Beating 'the Big Silence': Chinese Protesters Use Videos To Overcome Censorship

'Once the anger spills onto the street, it becomes much harder to censor,' says expert

A protest in Beijing / Reuters
November 30, 2022

Mass videos of anti-regime protests across China have shaken the communist dictatorship's censorship apparatus, creating what one expert calls "a decisive breach of the big silence," the New York Times reported Wednesday.

Videos of demonstrators have flooded Chinese sites such as WeChat and Douyin. According to experts, "the sheer volume of video clips has likely overwhelmed the automated software and armies of censors China has tasked with policing the internet," the Times reported.

"Once the anger spills onto the street, it becomes much harder to censor," internet freedom researcher Xiao Qiang told the Times. The government simply can't scrutinize hundreds of videos of protests, shot from different angles, as it can a single viral video, Xiao noted. Some video posters have also started employing tricks, such as flipping screens, using filters, or taking videos of videos, to bypass censorship.

The Times's report follows two large Chinese cities' announcements that they would ease up on COVID restrictions following clashes between protesters and police.

Protesters across China last week began demanding an end to the regime's zero-COVID policy, which has caused years of lockdowns. A fire last week reportedly killed dozens of people who could not escape a burning building because of COVID-19 regulations.

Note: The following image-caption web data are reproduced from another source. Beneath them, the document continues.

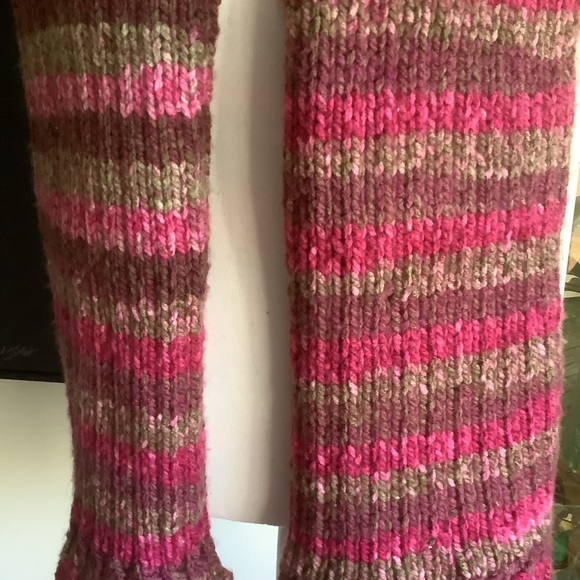 Knitted Striped Rectangular Fringed Scarf - Picture 6 of 10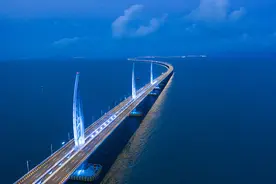 广东珠海：港珠澳大桥海豚三塔夜景美如画图片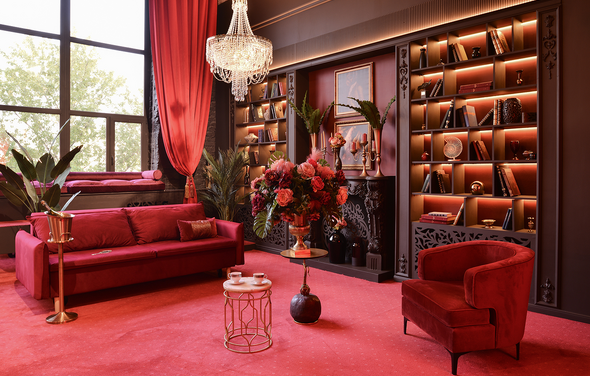 Cross Studio. Зал Анри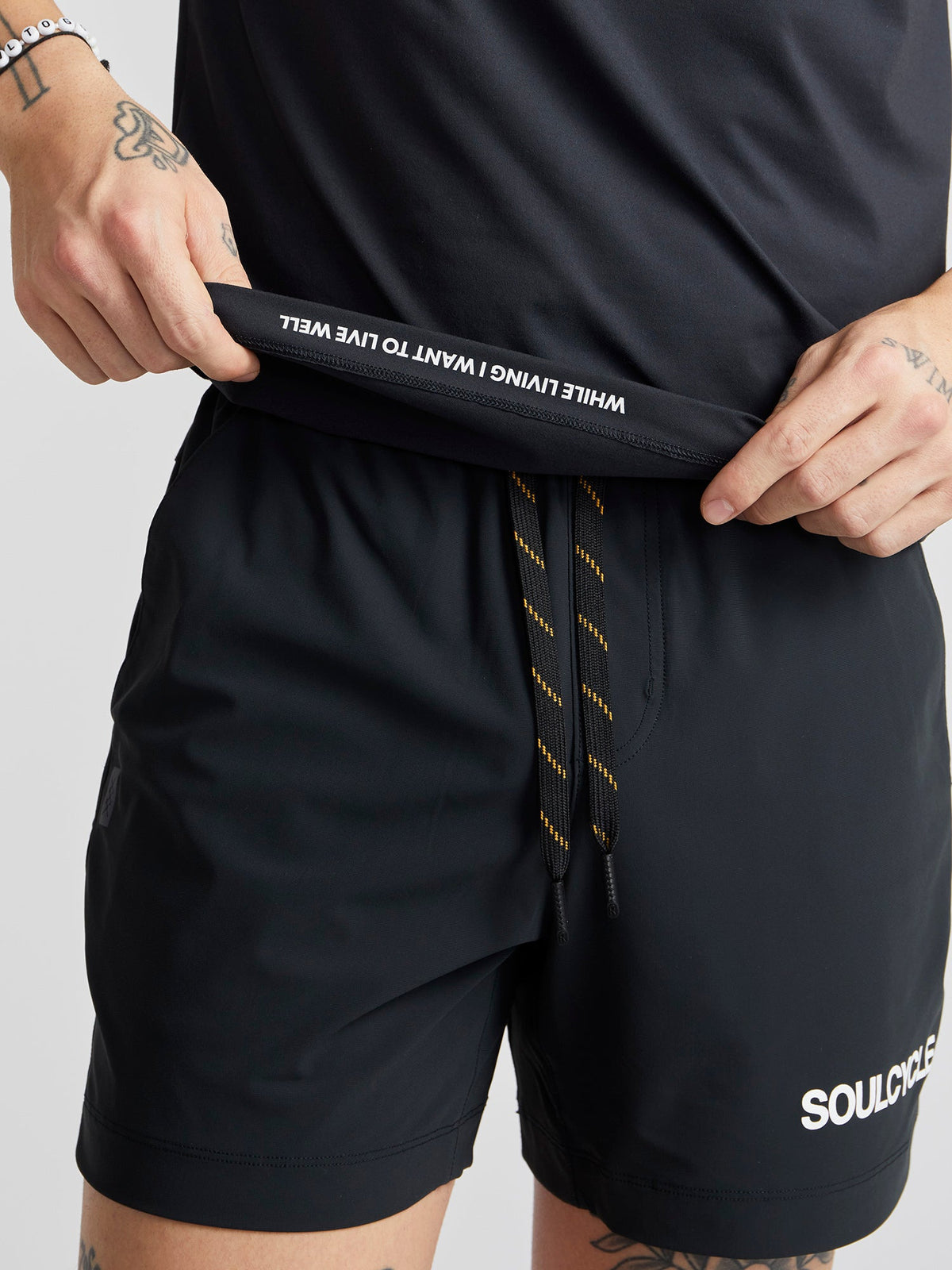 REIGN SHORT SLEEVE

The demonstrators have gone so far as to call for the downfall of the Chinese Communist Party and dictator Xi Jinping. Shanghai protesters over the weekend chanted, "Xi Jinping! Step down! CCP! Step down!"

Chinese citizens are also figuring out ways to see accounts on blocked sites such as Twitter and Instagram. Twitter videos posted by one anti-regime activist have gone viral in China.

Such viral videos have allowed protests to grow larger, the Times wrote. One former journalist told the paper that he attended multiple protests in Shanghai "after seeing videos on WeChat from his friends at the gathering."